Enter the t-shaped marketer. T-shaped marketers are marketing specialists with a wide range of knowledge and skills across multiple fields. But a t-shaped marketer will have one area of marketing where they have a deep well of knowledge to draw from, such as email marketing.
In this article, we’re going to take a look at how email marketers can become t-shaped by broadening their marketing skill set.
- Skills needed to be a t-shaped email marketer
- How email impacts other forms of marketing
- Final thoughts
Skills needed to be a t-shaped email marketer
Email marketing is super important in B2B, with the number of daily email users expected to climb to 4.6 billion by 2025. It’s a great channel for promoting your brand’s products and services, incentivizing customer loyalty, informing your audience about your brand, building relationships, or keeping them engaged between purchases.
There are plenty of skills needed to put together a successful email marketing campaign, you can’t just send any old email and expect it to turn a prospect into a paying customer. There’s a fine art to email marketing strategy, combining both creative messaging and strategic planning.

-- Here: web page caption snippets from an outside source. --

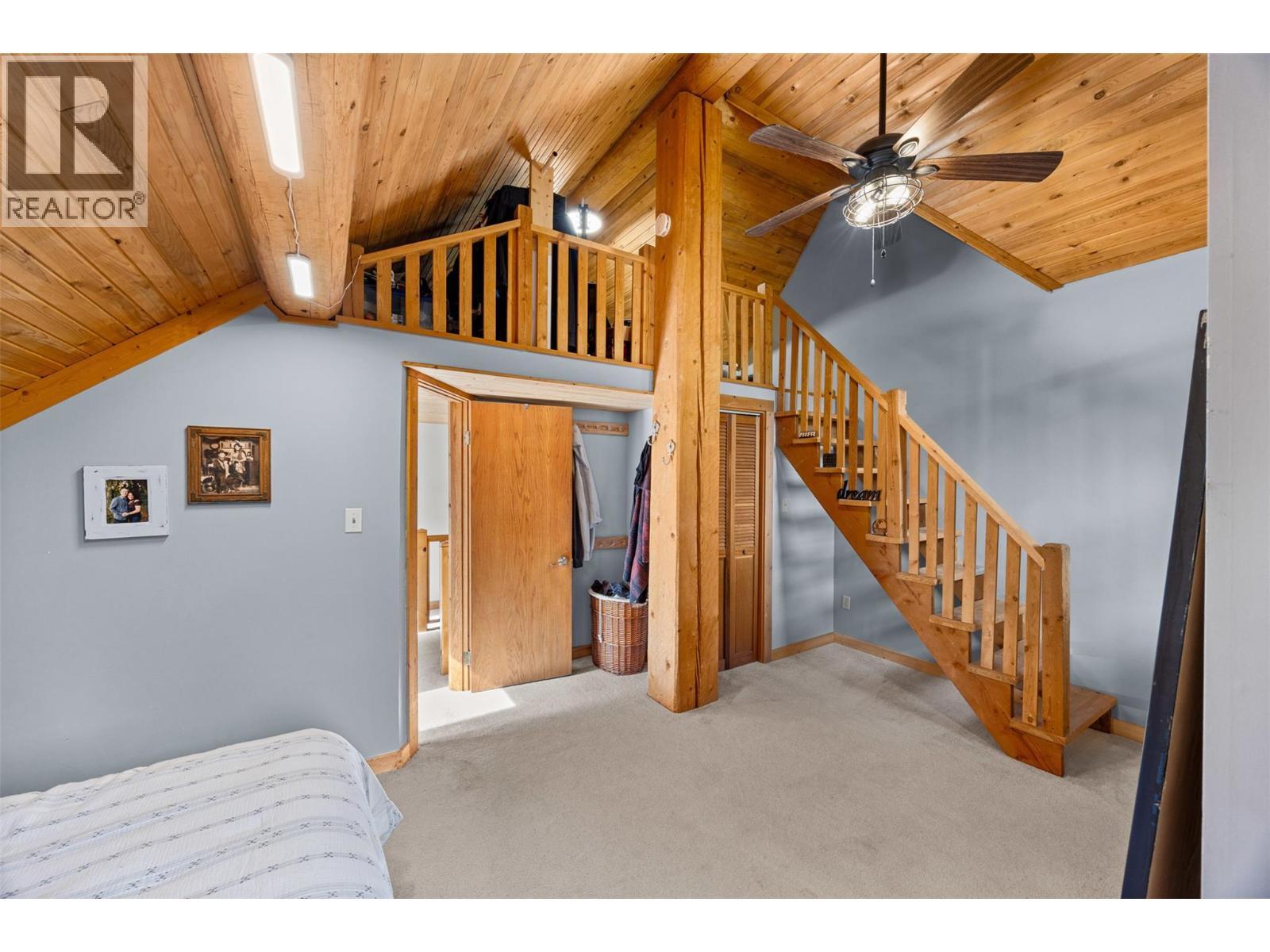 10737 Highway 33 E, Kelowna, BC - Indoor Photo Showing Other Room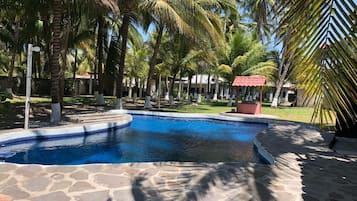 Alberca al aire libre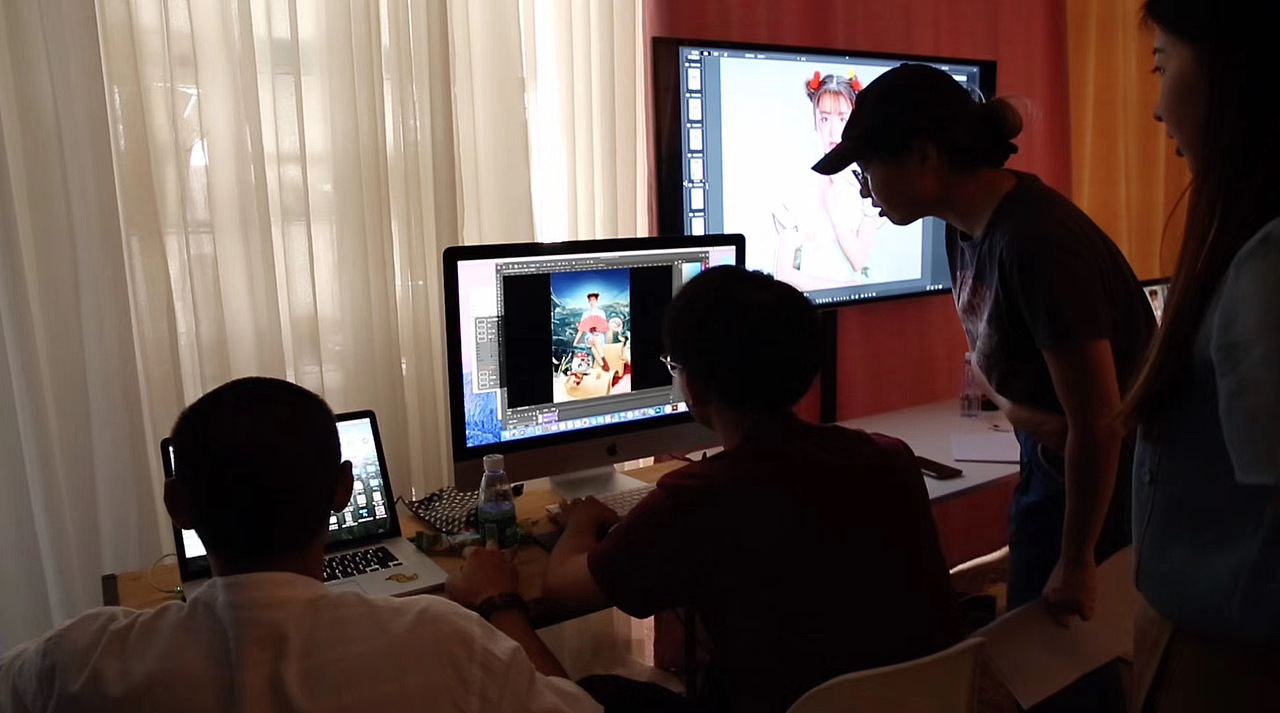 案例:招商银行广告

Here are just some of the skills an email marketer needs.
Copywriting
Email users receive tons of emails every day, so your copy needs to stand out from the crowd. This is where stellar copywriting skills come in, which can lead to high open-rate and click-through rates.
When writing great copy for an email, you need to:
- Compose compelling subject lines
- Tell an engaging story in the copy
- Include clear CTAs
Your copywriting skills will likely improve over time with more practice, but crucially you’ll need a deep understanding of your target audience, and be able to focus the body of the email content on a specific goal.
Communication
Even though you’re sending emails out to many people, you’re still opening a direct line of communication with individuals. A successful email marketing campaign is structured around great communication that engages its audience.
Make your email as personal as possible. There are plenty of tools that can create tailor-made content for each client persona based on previous customer interactions, such as including specific offers or personalized product recommendations. This personalization helps your brand connect better with your email subscribers.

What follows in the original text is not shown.